HTTPS encrypted traffic flows leak information on underlying contents through various statistical properties such as packet lengths and timing, enabling traffic fingerprinting attacks. Recent traffic fingerprinting attacks leveraged Convolutional Neural Networks (CNNs) to record very high accuracies undermining state-of-the-art defenses. In this paper, we analyze such CNNs to understand their inner workings which helps in building efficient traffic classifiers and effective defenses. First, we experiment on three datasets and show that website fingerprinting CNNs focus majorly on transitions between uploads and downloads in trace fronts while video fingerprinting CNNs focus more on finer shapes of periodic bursts. Next, we show that traffic fingerprinting CNNs exhibit transfer learning capabilities allowing identification of new websites with fewer data.
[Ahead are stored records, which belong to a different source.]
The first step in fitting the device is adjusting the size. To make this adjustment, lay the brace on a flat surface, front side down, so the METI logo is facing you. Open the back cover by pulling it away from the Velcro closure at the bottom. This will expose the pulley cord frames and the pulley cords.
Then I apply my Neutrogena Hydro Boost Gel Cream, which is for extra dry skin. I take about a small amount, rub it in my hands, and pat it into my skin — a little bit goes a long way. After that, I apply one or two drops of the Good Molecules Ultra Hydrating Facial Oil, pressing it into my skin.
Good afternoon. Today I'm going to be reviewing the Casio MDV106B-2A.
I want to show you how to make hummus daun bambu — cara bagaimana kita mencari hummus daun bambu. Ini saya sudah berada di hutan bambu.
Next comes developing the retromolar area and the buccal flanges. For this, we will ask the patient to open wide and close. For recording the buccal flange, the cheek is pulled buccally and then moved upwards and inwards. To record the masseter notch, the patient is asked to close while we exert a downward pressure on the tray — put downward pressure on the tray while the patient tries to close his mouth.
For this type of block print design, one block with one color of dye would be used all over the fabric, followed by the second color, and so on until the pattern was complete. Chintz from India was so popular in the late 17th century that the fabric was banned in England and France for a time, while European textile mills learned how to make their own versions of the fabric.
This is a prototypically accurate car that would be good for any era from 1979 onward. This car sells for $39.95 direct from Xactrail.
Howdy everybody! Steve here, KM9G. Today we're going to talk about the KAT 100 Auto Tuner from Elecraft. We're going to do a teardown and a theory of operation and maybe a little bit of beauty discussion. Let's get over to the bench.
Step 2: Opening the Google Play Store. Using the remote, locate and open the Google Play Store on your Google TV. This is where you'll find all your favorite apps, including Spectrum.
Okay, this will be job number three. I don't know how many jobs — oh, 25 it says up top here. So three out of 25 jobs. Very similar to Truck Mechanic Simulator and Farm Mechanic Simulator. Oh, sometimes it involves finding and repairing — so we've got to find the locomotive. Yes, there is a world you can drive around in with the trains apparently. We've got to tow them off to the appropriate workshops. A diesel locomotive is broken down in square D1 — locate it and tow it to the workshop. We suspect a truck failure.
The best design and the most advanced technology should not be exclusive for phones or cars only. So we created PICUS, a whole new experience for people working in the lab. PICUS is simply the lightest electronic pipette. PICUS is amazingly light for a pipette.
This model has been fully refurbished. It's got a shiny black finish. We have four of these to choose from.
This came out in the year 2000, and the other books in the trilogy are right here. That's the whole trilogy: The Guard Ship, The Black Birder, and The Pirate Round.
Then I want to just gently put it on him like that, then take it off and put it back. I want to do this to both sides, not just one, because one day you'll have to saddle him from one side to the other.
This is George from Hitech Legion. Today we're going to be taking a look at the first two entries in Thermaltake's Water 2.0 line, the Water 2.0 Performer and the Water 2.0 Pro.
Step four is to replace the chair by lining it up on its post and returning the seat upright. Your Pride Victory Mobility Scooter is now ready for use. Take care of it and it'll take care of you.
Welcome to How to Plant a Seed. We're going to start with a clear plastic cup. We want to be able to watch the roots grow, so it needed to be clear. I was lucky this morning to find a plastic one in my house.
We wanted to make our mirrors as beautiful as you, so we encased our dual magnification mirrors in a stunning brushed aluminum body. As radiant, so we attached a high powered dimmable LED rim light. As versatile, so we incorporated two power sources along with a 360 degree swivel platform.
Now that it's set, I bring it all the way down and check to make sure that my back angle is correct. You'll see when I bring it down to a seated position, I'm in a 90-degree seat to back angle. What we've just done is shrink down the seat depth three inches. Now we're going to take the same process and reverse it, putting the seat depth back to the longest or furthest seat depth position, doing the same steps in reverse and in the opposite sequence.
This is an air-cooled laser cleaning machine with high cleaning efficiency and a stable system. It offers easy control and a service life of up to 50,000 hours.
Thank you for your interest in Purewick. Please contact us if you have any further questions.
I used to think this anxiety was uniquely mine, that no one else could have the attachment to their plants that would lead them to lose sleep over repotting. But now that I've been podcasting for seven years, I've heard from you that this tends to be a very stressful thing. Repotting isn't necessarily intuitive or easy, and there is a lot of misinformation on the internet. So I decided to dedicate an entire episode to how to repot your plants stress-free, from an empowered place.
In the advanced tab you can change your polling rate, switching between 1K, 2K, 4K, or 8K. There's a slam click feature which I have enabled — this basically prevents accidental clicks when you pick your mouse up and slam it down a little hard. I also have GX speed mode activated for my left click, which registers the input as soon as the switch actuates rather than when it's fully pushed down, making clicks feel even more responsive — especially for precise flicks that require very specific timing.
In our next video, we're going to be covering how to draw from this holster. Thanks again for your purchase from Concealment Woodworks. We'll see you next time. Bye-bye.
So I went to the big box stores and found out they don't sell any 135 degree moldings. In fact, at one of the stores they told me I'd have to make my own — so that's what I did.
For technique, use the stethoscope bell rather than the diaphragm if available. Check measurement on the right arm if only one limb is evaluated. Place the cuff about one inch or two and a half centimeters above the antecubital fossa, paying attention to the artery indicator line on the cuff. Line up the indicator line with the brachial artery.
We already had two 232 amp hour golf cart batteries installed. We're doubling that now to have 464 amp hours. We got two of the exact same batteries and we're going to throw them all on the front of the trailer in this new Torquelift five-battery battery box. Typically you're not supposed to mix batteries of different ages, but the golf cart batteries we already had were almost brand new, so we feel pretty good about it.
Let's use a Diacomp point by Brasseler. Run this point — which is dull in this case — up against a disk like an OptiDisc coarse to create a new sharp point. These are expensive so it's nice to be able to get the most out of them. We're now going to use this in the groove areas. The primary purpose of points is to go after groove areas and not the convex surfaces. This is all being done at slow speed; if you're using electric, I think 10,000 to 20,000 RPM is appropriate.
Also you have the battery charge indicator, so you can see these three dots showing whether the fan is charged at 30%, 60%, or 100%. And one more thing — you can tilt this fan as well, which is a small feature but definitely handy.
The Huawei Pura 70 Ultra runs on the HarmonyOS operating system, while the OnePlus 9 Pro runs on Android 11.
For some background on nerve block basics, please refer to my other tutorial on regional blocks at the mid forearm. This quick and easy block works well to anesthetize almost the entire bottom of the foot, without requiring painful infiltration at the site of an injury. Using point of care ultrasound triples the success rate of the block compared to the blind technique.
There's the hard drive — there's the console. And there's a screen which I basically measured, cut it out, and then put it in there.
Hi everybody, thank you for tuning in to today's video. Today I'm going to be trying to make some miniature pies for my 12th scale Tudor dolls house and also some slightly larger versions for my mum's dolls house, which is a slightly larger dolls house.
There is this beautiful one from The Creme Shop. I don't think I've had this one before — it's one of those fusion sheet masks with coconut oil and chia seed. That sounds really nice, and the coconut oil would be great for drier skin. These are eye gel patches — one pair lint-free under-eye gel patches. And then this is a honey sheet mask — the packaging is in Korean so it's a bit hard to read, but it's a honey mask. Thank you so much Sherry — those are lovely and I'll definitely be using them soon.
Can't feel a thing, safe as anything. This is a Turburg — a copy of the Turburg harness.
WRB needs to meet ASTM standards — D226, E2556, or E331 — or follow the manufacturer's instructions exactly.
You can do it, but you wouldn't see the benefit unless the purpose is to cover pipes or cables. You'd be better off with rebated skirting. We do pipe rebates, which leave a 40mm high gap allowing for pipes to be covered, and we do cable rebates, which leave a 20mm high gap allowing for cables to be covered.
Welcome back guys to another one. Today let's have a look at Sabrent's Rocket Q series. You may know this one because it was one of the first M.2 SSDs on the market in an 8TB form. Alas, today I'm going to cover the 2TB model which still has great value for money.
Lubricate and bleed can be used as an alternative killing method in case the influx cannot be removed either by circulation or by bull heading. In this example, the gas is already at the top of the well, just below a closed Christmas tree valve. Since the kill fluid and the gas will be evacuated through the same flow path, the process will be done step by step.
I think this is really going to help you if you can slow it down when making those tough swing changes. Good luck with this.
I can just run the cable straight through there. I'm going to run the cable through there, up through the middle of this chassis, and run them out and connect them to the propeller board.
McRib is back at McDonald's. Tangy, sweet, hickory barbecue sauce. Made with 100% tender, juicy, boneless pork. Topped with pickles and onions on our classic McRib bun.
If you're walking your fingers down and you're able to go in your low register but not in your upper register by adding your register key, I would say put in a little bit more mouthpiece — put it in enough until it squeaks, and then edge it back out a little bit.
We also demonstrate how traffic fingerprinting CNNs outperform Recurrent Neural Networks (RNNs) due to their resilience to random shifts in data, which is common in network traces. We further generalize these observations on other publicly available network traffic datasets. Leveraging our observations, we propose two new defenses against traffic fingerprinting. Our first defense FRONT-U, defends website visits by obfuscating transitions between uploads and downloads in trace fronts and provides similar privacy as the state-of-the-art defense FRONT, with half the data overhead. Our second defense STOMA, defends streaming traffic by obfuscating the finer sub-bursts within major bursts of a trace using only the nextfew seconds as opposed to using the entire trace as in the state-of-the-art.